Here are some more key moments from the courtroom on Wednesday:

Not all murders qualify as death penalty cases:

To qualify, the jury must find the crime included one or more aggravating factors, as laid out in state law. The prosecution is arguing this crime actually meets five different qualifying criteria. Some, like whether two or more people were killed, seem pretty obvious; 12 people died in the attack. Another factor is that the killing was conducted from an ambush and Holmes did pick a dark doorway to start his attack.

Deliberately killing a child under the age of 12 is also an aggravating factor and one of the victims, Veronica Moser Sullivan, was 6 years old at the time. Orman told the jury that even if Holmes didn't set out to kill Sullivan specifically, he must have seen there were numerous children in the theater that night and meant to include them among his victims.

The last two aggravating factors prosecutors are arguing for are a bit more subjective. Did Holmes put everyone in the theater at grave risk of death? And were the murders unnecessarily torturous and pitiless? Orman described the scene in the theater that night in detail to make the case that they were.

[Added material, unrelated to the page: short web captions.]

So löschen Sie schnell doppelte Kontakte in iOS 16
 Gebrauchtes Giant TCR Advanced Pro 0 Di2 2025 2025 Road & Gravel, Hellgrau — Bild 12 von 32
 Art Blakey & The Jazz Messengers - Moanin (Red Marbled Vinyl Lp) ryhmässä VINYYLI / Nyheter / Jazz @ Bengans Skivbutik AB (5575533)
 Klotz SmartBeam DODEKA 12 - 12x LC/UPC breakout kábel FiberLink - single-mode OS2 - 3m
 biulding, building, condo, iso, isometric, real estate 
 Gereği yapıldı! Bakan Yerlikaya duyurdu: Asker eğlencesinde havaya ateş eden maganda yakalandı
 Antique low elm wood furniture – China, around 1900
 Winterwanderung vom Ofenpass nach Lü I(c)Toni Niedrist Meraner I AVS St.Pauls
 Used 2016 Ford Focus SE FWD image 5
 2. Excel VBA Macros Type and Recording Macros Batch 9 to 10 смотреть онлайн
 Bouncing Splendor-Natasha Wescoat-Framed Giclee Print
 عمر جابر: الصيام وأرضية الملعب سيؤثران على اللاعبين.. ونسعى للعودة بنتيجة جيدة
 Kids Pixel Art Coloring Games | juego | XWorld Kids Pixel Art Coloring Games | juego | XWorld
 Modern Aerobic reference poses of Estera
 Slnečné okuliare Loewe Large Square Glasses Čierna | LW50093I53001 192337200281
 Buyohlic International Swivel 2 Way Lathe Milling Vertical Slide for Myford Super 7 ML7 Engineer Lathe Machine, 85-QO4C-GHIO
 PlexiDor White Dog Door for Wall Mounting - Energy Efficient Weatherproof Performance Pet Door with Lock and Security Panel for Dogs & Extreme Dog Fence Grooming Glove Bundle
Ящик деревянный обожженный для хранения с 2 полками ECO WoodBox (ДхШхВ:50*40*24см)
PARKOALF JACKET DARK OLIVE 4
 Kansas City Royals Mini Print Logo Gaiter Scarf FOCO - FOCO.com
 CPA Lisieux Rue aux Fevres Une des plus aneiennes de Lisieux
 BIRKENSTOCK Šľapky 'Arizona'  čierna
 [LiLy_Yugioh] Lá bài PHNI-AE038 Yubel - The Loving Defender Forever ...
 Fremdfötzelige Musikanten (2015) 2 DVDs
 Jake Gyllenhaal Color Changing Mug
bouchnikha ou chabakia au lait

The defense did not mount a rebuttal to any of the prosecution's arguments for aggravating factors.

Mitigating factors may be the next step:

The first day of the penalty phase ended with the jury still weighing the case for aggravating factors. If its members decide the crime meets those criteria, the next next step will be mitigating evidence. At this point the defense will get to call people who knew Holmes, including past teachers and possibly his parents, to testify about his character, his mental health. and anything else they think will help convince jurors not to impose the death penalty. This is expected to be a pretty long phase. It could take a week or more.

Newsweek was banned:

The other big news from Wednesday was about the news media itself.

The court has specifically ordered the media not to identify jurors until after the completion of the trial. But last week Newsweek magazine briefly published an online article naming the jury foreman and describing him a bit. The report was removed after the court's public information officer complained, but the company left up a tweet that also included the name.

According to a note the foreman sent to the judge Wednesday, he learned about the story over the weekend, after someone he didn't know on Twitter forwarded him Newsweek's tweet. The foreman didn't read the article, something that would have gotten him removed from the jury, but he did tell the judge he was very unnerved that the article existed.

"Do you have any other concerns about that?" Judge Carlos Samour asked.

"I do, just in general, about privacy in the media ... I don't know if there's anything you can do as the judge to... I don't know. It's just weird to see my name there. It's not cool," the jury foreman replied.

Newsweek and its reporters are banned from entire courthouse complex until trial ends. But they also apparently had no further plans to cover it in person, so that may not be much of a loss for them. The magazine could have faced a contempt charge for violating the order court's order, but the judge said he wouldn't go that far. The managing editor did take to Twitter to apologize after news of the story broke.

The Newsweek saga does point to a bigger issue: These jurors have, by order of the court, avoided all news coverage of this trial so far, and they've been shielded from coverage themselves, but once they decide on a penalty and the trial ends they could find themselves in an unfamiliar and unwelcome public spotlight.